A cat can begin shedding the virus in its saliva just days before any visible symptoms develop. This is a critical detail: a cat that looks healthy can already be infectious. Health authorities use a 10-day observation window for cats involved in bite incidents. If the cat remains healthy for 10 days after biting someone, it’s considered not to have been infectious at the time of the bite.

Stages of Rabies in Cats

Rabies progresses through distinct stages, and the entire course from first symptom to death is fast, often just a matter of days.

Early Stage

The first signs are subtle behavioral changes. A previously friendly cat may become nervous, irritable, or withdrawn. Appetite drops suddenly. Some cats become unusually excitable or restless. At this point, most owners assume their cat is simply feeling unwell or stressed.

Furious Form

This is the stage most people associate with rabies. The cat becomes aggressively reactive, biting and scratching viciously with minimal provocation. Its posture shifts to alert and anxious, pupils dilate, and noise alone can trigger an attack. Rabid cats in this stage can strike suddenly and without warning, which is one reason cats pose such a risk to people who encounter them.

Paralytic Form

Not every cat passes through the furious stage. Some develop what’s called the “dumb” form, where the throat and jaw muscles become paralyzed. This causes drooling, an inability to swallow, and a slack-jawed appearance. These cats are not typically aggressive and rarely try to bite. As the disease continues, paralysis spreads throughout the body, seizures and loss of coordination develop, and death follows within hours.

Once clinical signs appear, rabies is virtually always fatal. There is no treatment at that point.

Why Cats Top the Domestic Rabies List

Cats consistently outnumber dogs in U.S. rabies cases by a wide margin. In 2022, 222 cats tested positive compared to 50 dogs. Together with 42 cattle, these three species made up over 90% of all domestic animal rabies cases. The gap between cats and dogs comes down to a few factors: cats are more likely to roam outdoors unsupervised, they’re natural hunters drawn to small wildlife like bats, and vaccination rates among cats lag behind dogs. Many jurisdictions require dog rabies vaccination by law but enforce cat vaccination less consistently.

How Vaccination Protects Your Cat

Rabies vaccination is the single most effective protection. Kittens should receive their first rabies vaccine at 12 weeks of age or older, because younger animals don’t mount a strong enough immune response. After that initial shot, a cat is considered immunized 28 days later. Booster schedules vary by vaccine product and by state law, so the interval between shots depends on what your veterinarian uses and local regulations.

If a vaccinated cat is exposed to a potentially rabid animal, it receives a booster and is considered protected immediately.
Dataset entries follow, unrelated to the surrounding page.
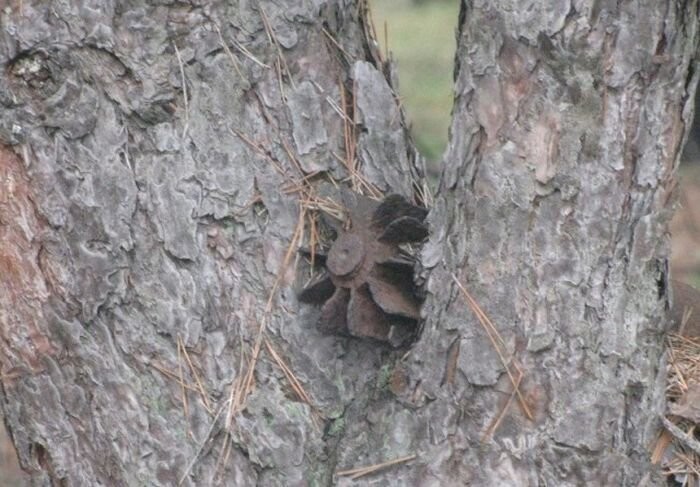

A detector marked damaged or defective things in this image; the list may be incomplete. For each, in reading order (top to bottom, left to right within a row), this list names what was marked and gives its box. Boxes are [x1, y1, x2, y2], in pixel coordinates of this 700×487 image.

rusted metal fin [372, 194, 426, 231]
rusted metal fin [380, 217, 430, 244]
rusty brown stain [0, 147, 56, 384]
rusted metal fin [298, 272, 336, 304]
rusty metal object [300, 192, 430, 346]
rusted metal fin [318, 290, 350, 336] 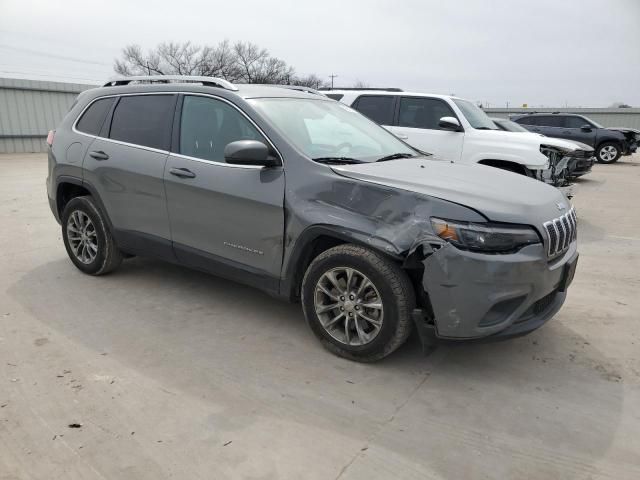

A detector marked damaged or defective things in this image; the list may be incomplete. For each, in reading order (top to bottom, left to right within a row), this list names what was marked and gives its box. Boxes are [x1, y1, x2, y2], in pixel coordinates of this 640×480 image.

crumpled hood [332, 157, 568, 226]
An unvaccinated cat in the same situation faces a four-month quarantine, because that window covers the incubation period during which rabies symptoms would appear if the cat was infected. In some jurisdictions, euthanasia is recommended for unvaccinated cats with confirmed rabies exposure.
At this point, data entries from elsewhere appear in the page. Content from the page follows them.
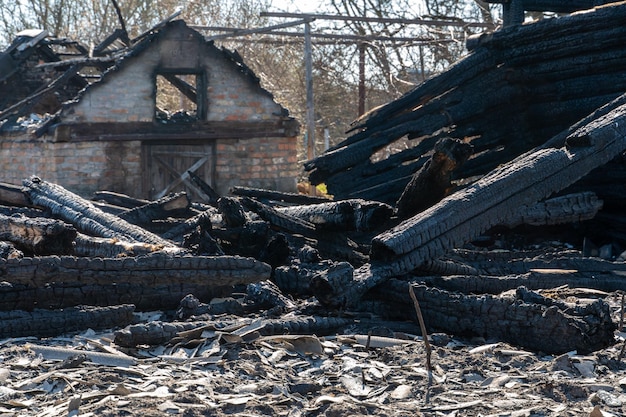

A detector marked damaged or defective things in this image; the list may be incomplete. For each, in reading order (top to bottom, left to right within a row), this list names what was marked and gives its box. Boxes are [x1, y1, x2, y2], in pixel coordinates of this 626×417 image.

burned house [0, 19, 300, 200]
charred wood texture [306, 4, 626, 204]
cracked charred wood [0, 213, 76, 255]
cracked charred wood [22, 176, 178, 250]
charred wood texture [22, 176, 178, 250]
cracked charred wood [73, 234, 165, 256]
cracked charred wood [117, 191, 190, 226]
cracked charred wood [228, 185, 326, 205]
cracked charred wood [276, 197, 390, 231]
cracked charred wood [398, 137, 470, 221]
charred wood texture [398, 137, 470, 221]
cracked charred wood [0, 250, 270, 290]
scorched timber [0, 252, 270, 288]
cracked charred wood [0, 278, 223, 310]
charred wood texture [0, 302, 134, 338]
cracked charred wood [0, 304, 134, 340]
charred wood texture [368, 282, 612, 352]
cracked charred wood [366, 280, 616, 354]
Reducing Risk for Indoor and Outdoor Cats

Keeping your cat indoors dramatically lowers rabies risk but doesn’t eliminate it entirely. To bat-proof your home, seal any openings larger than a dime, install chimney caps, use screens on windows and vents, and plug gaps around electrical and plumbing lines with steel wool or caulk. If you find a bat in a room where your cat has been, treat it as a potential exposure even if you see no obvious bite wound.

For cats that go outdoors, vaccination is non-negotiable. Supervising outdoor time, keeping cats in enclosed patios or “catios,” and bringing them inside at dusk when wildlife is most active all reduce encounters with raccoons, skunks, and foxes. Avoid leaving food outside, which attracts the very animals most likely to carry the virus.